Although a formal strategic plan has not been released from Postmaster General Louis DeJoy yet, several sources are reporting that Americans could see “significantly” higher postage rates. An amount for this increase has not been shared at this time.
Sources told NBC News DeJoy’s plan calls for eliminating first-class mail, which includes letters, magazines, catalogs, etc., which could lead to a slow down in delivery of all mail.
Some are reporting first-class mail may not be eliminated, but rather have changes made that could drastically impact other mail. The Washington Post reports DeJoy’s plans would prevent first-class mail from being shipped by airplane, which would force a reliance on trucks and distribution hubs, and likely longer delivery times.
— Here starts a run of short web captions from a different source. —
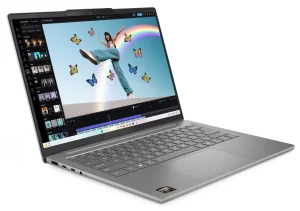 IdeaPad Slim 5 14" Ryzen AI 7 32GB/1TB W11H - obrázek 4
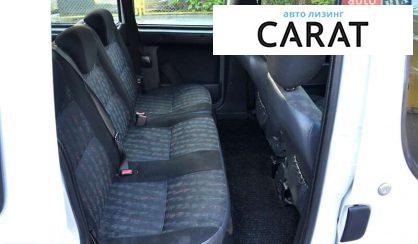 Citroen Berlingo пасс. 2007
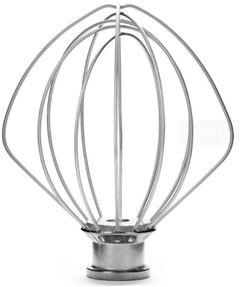 KitchenAid® 4.3 & 4.8 L Tilt Head 6 Wire Whip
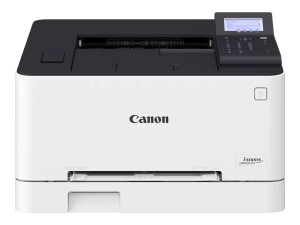 Canon i-SENSYS LBP633Cdw - Drucker - Farbe - Duplex - Laser - A4/Legal - 1200 x 1200 dpi - bis zu 21 Seiten/Min. (einfarbig)/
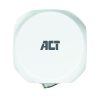 ACT AC2415 Hálózati Elosztó Kapcsolóval 3DIN 1,5m White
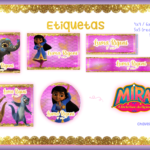 Arquivo Etiqueta Escolar MIRA DETETIVE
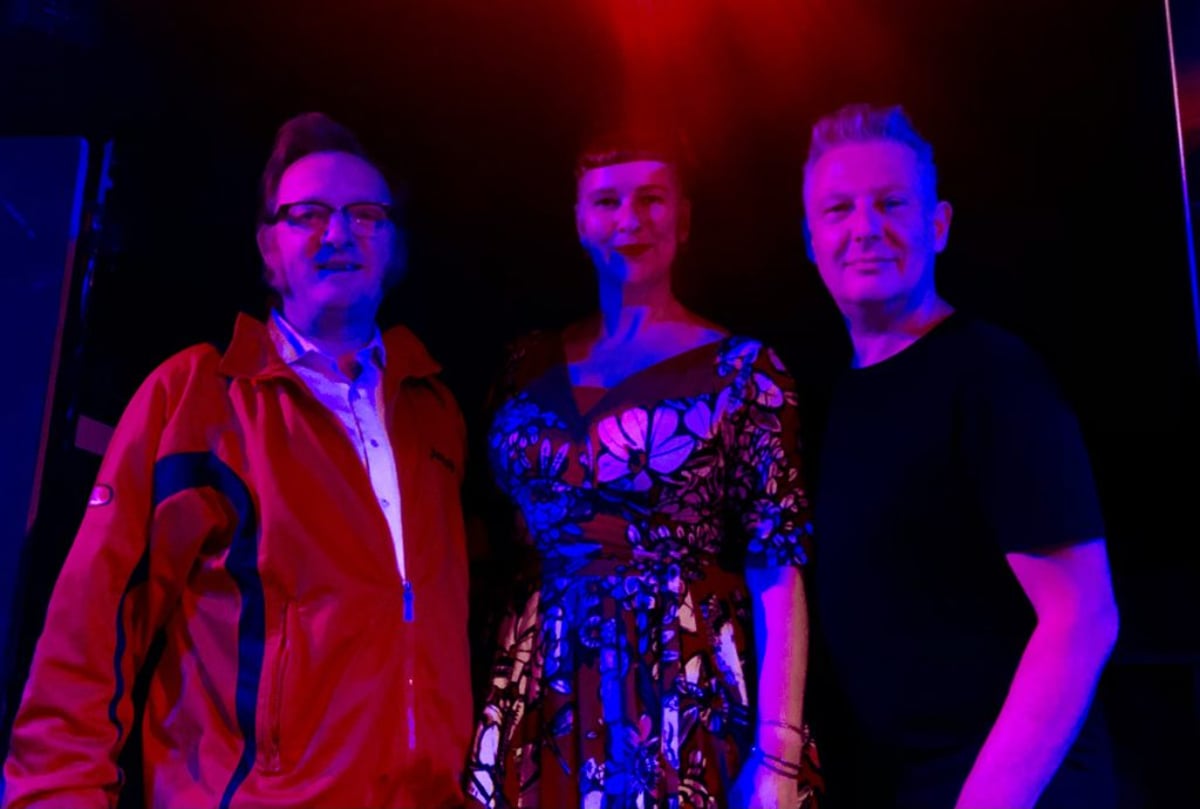 Von Wedekind zum Charleston – München (un)modern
At the end of 2020, the USPS reported only 38% of mail estimated to take 3-to-five days for delivery was delivered on time.
DeJoy was called before Congress last year after changes he implemented regarding sorting machines, overtime protocols and other systems led to a slowdown in delivery ahead of the November election. He reversed course on those changes ahead of the election.
DeJoy’s position as Postmaster General is chosen by the USPS’s board of governors. It is meant to be a position independent of the presidential administration to run the independent postal agency.
The board is currently dominated by Republican appointees under Trump’s administration. There are open positions on the board, and some are calling on President Joe Biden to fill the positions quickly.